A época mudou, sendo que pelo meio houve duas Assembleias Gerais do clube no mesmo dia que mostraram como a imagem de Rui Costa tinha ficado colada à de Roger Schmidt depois dessa tomada de posição e onde muitas das intervenções mais críticas do líder dos encarnados visavam também a questão técnica, as coisas não tiveram uma viragem assim tão grande. Por um lado, o alemão está a ser ainda mais contestado depois da derrota a abrir o Campeonato com o Famalicão. Por outro, o próprio presidente viu aumentar o tom das críticas também pelas operações feitas neste mercado de transferências como a venda de João Neves ao PSG por 60 milhões com muitas dúvidas se seria esse o desejo do jogador ou a saída de David Neres sem haver propriamente uma grande mais valia entre compra e venda num plantel sem muitos alas.

Rui Costa, tal como Roger Schmidt, acreditava que tudo iria mudar. Rui Costa, como Roger Schmidt, foi percebendo que não estava a mudar. Rui Costa, para já sem Roger Schmidt, pode estar prestes a mudar.
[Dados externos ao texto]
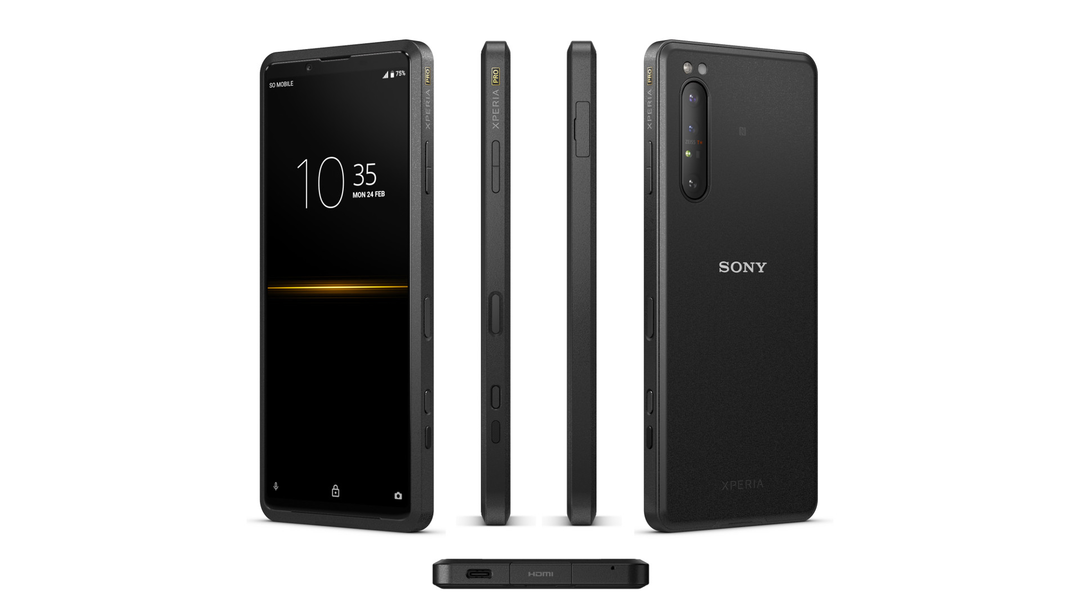 索尼旗舰xperia pro发布,搭载骁龙865,兼容hdmi接口约16000元_手机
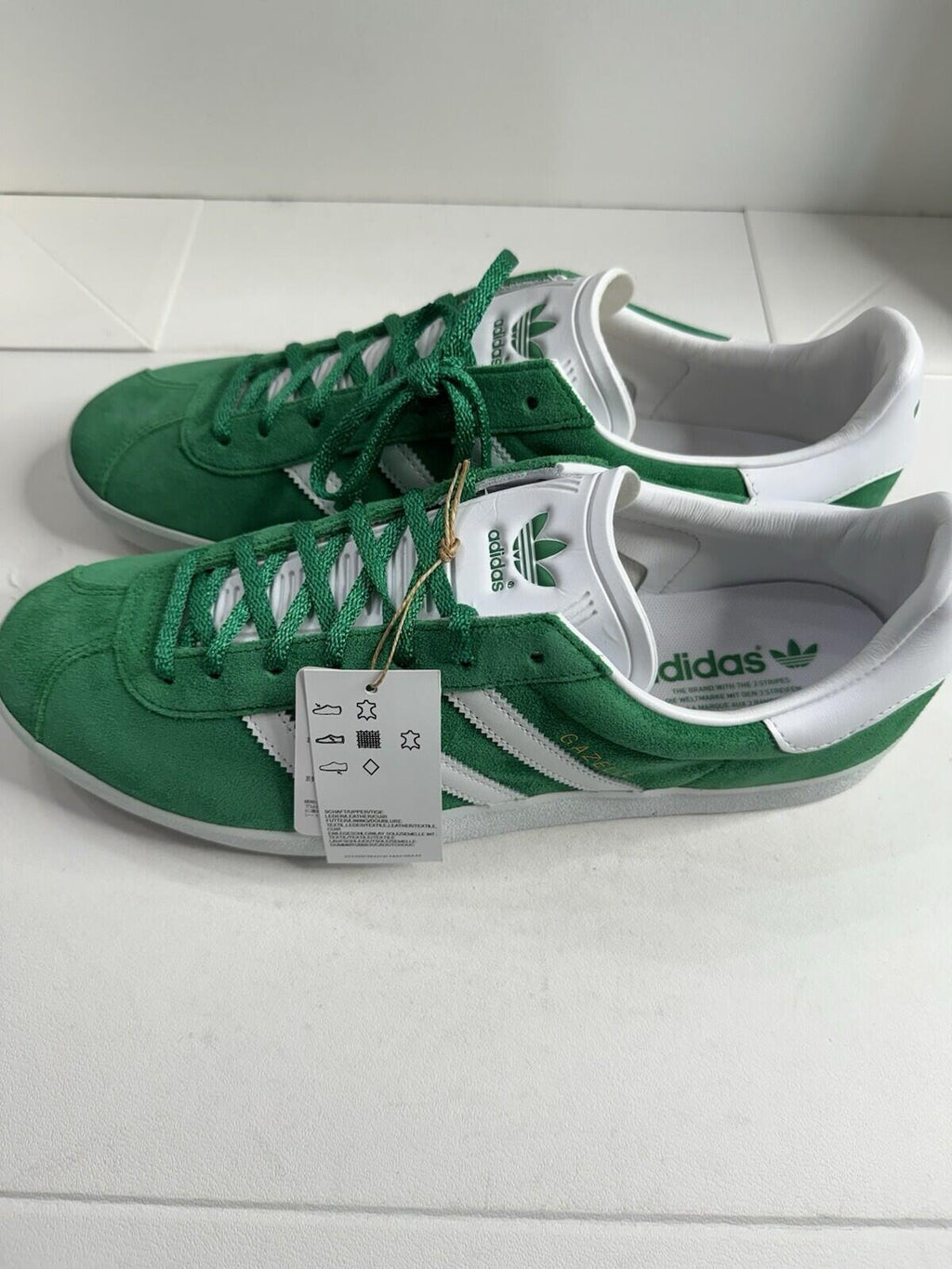 Adidas Original ‘Bright Green, Cloud White, Core White’ Men’s Size 13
Como explicou o jornal A Bola e confirmou o Observador, já estavam duas reuniões marcadas para este sábado na Luz ligadas à questão das contas (como acontece em todos os clubes nesta fase do ano), tendo em conta a necessidade de apresentação do Relatório e Contas do exercício 2023/24 que é sufragado sempre em setembro, mas o espaço de encontro entre Direção do clube e entre administração da SAD, com Rui Costa em ambos, poderá motivar uma reflexão sobre o futuro do futebol dos encarnados. Prioridade? Decidir os dois pontos essenciais para os próximos meses e que não têm grande margem para esperas.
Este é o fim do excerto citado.